Disclaimer: This article is for informational purposes only and does not constitute legal advice. Consult a real estate attorney or mortgage professional before making decisions about a property with a PACE assessment.
The short answer: many mortgage lenders refuse or delay loans on homes with PACE assessments because the assessment can appear as a property-tax lien with priority concerns. Ask the lender, title company, and PACE administrator whether the assessment must be paid off, subordinated, or otherwise resolved before closing.
Overview
You apply for a mortgage — whether to buy a home or refinance the one you already own — and the lender delivers an answer you did not expect: denied. The reason? A PACE assessment on the property. Understanding why PACE financing causes lenders to refuse loans, and what options exist for sellers and buyers caught in this situation, is essential for anyone navigating the intersection of solar financing and real estate.
If the title report is the first time the assessment felt real, read the PACE title fight guide and the solar financing scams guide. Lender refusal is usually the moment when a buried financing term becomes a real estate problem.
Why PACE Is a Problem for Mortgage Lenders
PACE is structured as a property tax assessment, and under state PACE-enabling statutes, it carries first-priority lien status — the same priority as property taxes. That means the PACE assessment sits ahead of the mortgage in the lien hierarchy. For a mortgage lender, this is a fundamental underwriting problem: their security interest — the mortgage — is junior to an obligation they did not underwrite, over which they have no control, and which can result in tax foreclosure that wipes out their lien.
Traditional mortgages assume the lender is in first-lien position. PACE can break that assumption. PACE assessments can also persist for many years, so the lender must decide whether the tax-assessment structure, repayment term, and lien priority fit the loan program.

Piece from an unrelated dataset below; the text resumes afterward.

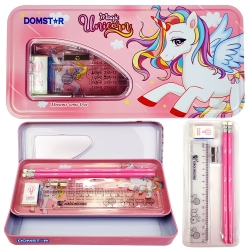 DOMSTAR Unicorn Metal Pencil Box with Dual Compartment - D0001 - Durable, Compact & Adorable Pen and Pencil Holder for School Kids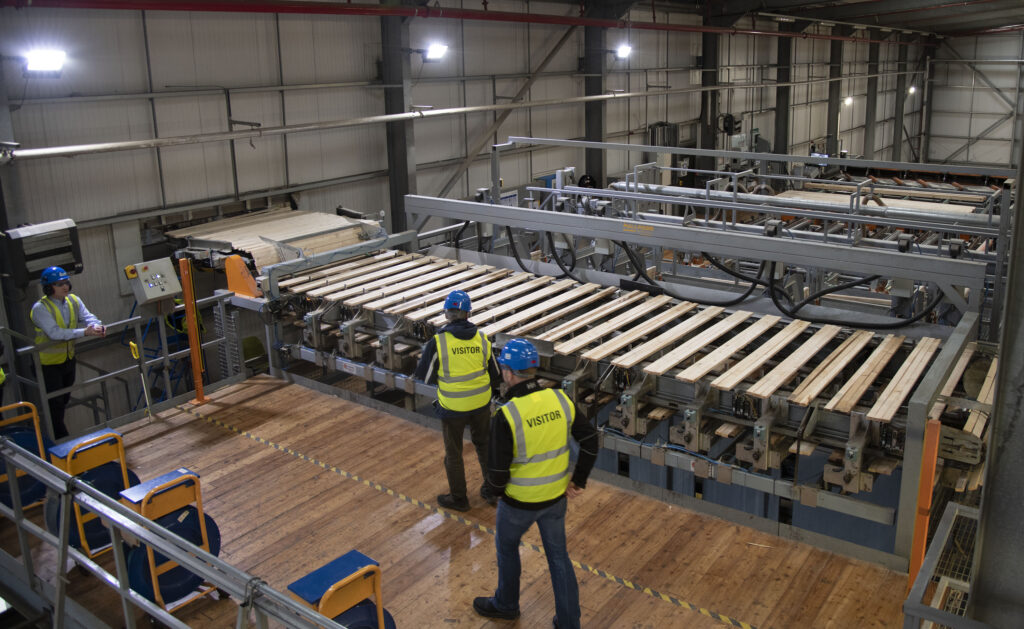 Nearing the end of the production line, finished products are sent for and further processing and then to be stored.  Photograph: Iain Ferguson, alba.photos

NO F48 BSW Visit 11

FHA, VA, and GSE Restrictions
FHA Loans
FHA treatment of PACE depends on current HUD/FHA guidance and the specific transaction. In practice, many FHA lenders require the PACE assessment to be resolved before closing because senior-lien status can conflict with mortgage eligibility.
VA Loans
VA loan treatment also depends on current VA lender guidance and the title facts. If the PACE assessment has senior priority or cannot be subordinated, it can block or delay VA financing.
Fannie Mae and Freddie Mac
The Government-Sponsored Enterprises (GSEs) have both addressed PACE. Fannie Mae and Freddie Mac guidance focuses on whether the obligation has lien priority over the mortgage or must be paid off, subordinated, or otherwise handled before the loan can be delivered. Because Fannie and Freddie purchase many conventional conforming loans, their treatment affects a large share of the market.
If the payoff demand is colliding with a tax deadline, pair this lender analysis with the PACE foreclosure and tax-default risk guide. If the sales contract hid fees, escalators, or lien language, compare it against the solar contract hidden fees guide before accepting the company's explanation.
Impact on Refinancing
Borrowers who want to refinance a home they already own face the same restrictions. A PACE assessment discovered during a refinance title search can stop the process until the lender and title company decide whether payoff, subordination, or another cure is available.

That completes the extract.